After months of delay, denials and appeals, the Tisbury personnel board this week granted the town administrator a four per cent salary increase. But the news was bittersweet for town administrator Dennis Luttrell: Just the week before, the selectmen agreed to form a search committee to seek his successor.

Mr. Luttrell this week expressed frustration at the mixed signals sent by his supervisors and the unprofessional way he learned they were launching the search for his replacement.

"It was added to the agenda [for last Tuesday] while I was away, and I never heard about it until the meeting," said Mr. Luttrell in an interview Wednesday.

He added: "I believed I met the letter and the spirit of my contract when it came to renewal. I didn't start looking for a new job until after the meeting. Until then, I thought we might be able to work it out."

Mr. Luttrell has submitted to the personnel board a draft of suggested revisions to the job description. In that draft, he recommends they change the job title to that of executive secretary.

"The authority that I have by right of the job has been undermined, and I've been micromanaged," he said. "I have the best interests of the town in mind, and if they want someone who will just say yes, the description and the salary should reflect that."

In May the selectmen deadlocked over whether to renew Mr. Luttrell's contract, which expires Jan. 31. Board chairman Tristan Israel opposed renewal, selectman Ray LaPorte supported it and selectman Tom Pachico abstained, citing conflict of interest. Because Mr. Pachico is employed by the town as a board of health agent, Mr. Luttrell has involvement with union negotiations regarding his contract.

It remains unclear whether the failure to renew results in passive termination of Mr. Luttrell or if he would continue his employment without a contract.
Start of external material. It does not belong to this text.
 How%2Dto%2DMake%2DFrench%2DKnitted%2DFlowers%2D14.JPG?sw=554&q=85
Mr. Luttrell's annual evaluation and merit increase has proved a separate source of friction. The board of selectmen divided along similar lines when a motion made by Mr. LaPorte to grant the increase went unseconded, effectively denying the raise.

Mr. Luttrell then appealed both the evaluation and the denial. The selectmen took no action on either appeal, sending both to the town personnel board.
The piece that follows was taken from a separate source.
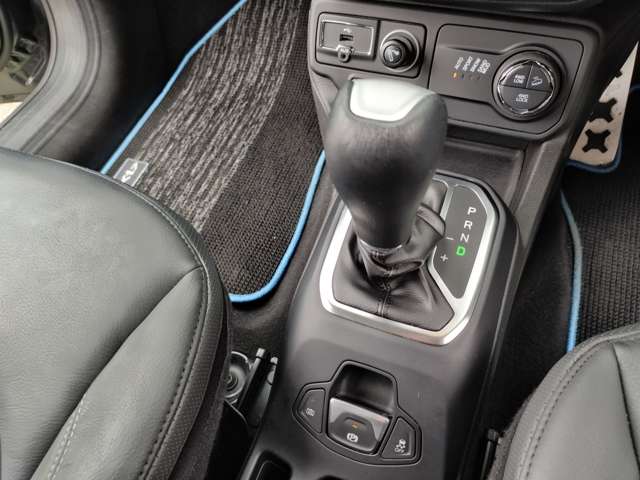 ジープ レネゲード リミテッド ４ＸＥ ４ＷＤ R5年 (近畿) 99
After deliberating over two meetings, the personnel board let the review stand with no changes to the individual ratings. On Wednesday, however, board members noted that in most areas, Mr. Luttrell was listed as meeting expectations in all of 10 categories with only three exceptions: one exceeding expectations and two below.

"Having read the evaluation, I would have real difficulty saying a merit increase is unwarranted," said chairman Williams Cini.

The board granted his raise, which brings Mr. Luttrell's annual salary from $81,222 to $84,490. The change will be retroactive to July 1.

"I don't think I was treated fairly and the same as the other managerial and professional employees, and the comments the personnel board made speak to that," said Mr. Luttrell.

Mr. Luttrell said that all other reviews of managerial and professional employees were completed by June 30, in keeping with a recently implemented but informal town policy. As personnel director, Mr. Luttrell is in charge of those reviews. He said they usually include a face-to-face interview that lasts roughly an hour and a half. In his case, there was no interview.

"I don't know what I'm to think. I want to use the evaluation as a learning tool, to better serve the town, but I'm still scratching my head. What message are the selectmen trying to convey? Half my duties are not even addressed by one selectman, and there are conflicting opinions."

Mr. Luttrell has declined to release the evaluation.

As chairman of the board of selectmen, Mr. Israel was in charge of the review. He explained to the personnel board, however, that because he had already voted against renewal of the town administrator's contract, he thought it was not in Mr. Luttrell's best interests for him to do the review.

Consequently, Mr. Pachico wrote the evaluation, and Mr. Israel supplemented with written comments regarding areas of concern. Mr. LaPorte did not weigh in on the evaluation, although yesterday he said: "I think he absolutely deserved this raise. He's worked hard and deserves this acknowledgment of a job well done. There has been no evidence that his work was subpar."